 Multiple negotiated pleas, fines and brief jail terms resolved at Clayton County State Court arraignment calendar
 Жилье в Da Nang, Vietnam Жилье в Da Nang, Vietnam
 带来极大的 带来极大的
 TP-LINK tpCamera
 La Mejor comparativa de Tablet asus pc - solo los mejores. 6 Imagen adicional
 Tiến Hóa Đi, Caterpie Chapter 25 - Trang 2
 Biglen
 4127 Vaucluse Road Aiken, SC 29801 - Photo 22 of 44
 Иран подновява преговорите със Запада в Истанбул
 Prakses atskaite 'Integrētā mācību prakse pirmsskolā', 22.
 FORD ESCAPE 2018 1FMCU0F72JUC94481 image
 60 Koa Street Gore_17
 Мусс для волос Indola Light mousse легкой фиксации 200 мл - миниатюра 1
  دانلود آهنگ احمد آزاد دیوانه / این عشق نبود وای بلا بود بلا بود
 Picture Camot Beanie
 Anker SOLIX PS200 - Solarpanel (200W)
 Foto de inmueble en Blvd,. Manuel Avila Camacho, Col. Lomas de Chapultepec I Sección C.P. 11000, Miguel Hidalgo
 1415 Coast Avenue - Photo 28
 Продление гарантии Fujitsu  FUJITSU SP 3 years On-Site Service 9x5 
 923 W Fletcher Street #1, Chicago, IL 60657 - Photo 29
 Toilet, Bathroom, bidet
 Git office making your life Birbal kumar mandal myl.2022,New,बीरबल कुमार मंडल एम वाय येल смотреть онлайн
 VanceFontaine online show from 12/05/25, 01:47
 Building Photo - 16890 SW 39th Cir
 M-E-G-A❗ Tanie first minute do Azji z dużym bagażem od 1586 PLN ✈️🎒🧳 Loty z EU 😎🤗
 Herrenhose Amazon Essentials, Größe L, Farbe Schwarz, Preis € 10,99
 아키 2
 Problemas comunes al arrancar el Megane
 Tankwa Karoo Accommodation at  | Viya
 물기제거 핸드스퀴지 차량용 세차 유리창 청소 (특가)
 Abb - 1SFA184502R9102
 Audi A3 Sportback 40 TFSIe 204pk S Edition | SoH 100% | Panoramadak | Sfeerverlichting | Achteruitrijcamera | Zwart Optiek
_ _ _ _ _
▶ Work item
In the records above, find the line with "Building Photo - 16890 SW 39th Cir"; write out exactly that line and each one after it, stopping after the line with "물기제거 핸드스퀴지 차량용 세차 유리창 청소 (특가)".

▶ Task response
 Building Photo - 16890 SW 39th Cir
 M-E-G-A❗ Tanie first minute do Azji z dużym bagażem od 1586 PLN ✈️🎒🧳 Loty z EU 😎🤗
 Herrenhose Amazon Essentials, Größe L, Farbe Schwarz, Preis € 10,99
 아키 2
 Problemas comunes al arrancar el Megane
 Tankwa Karoo Accommodation at  | Viya
 물기제거 핸드스퀴지 차량용 세차 유리창 청소 (특가)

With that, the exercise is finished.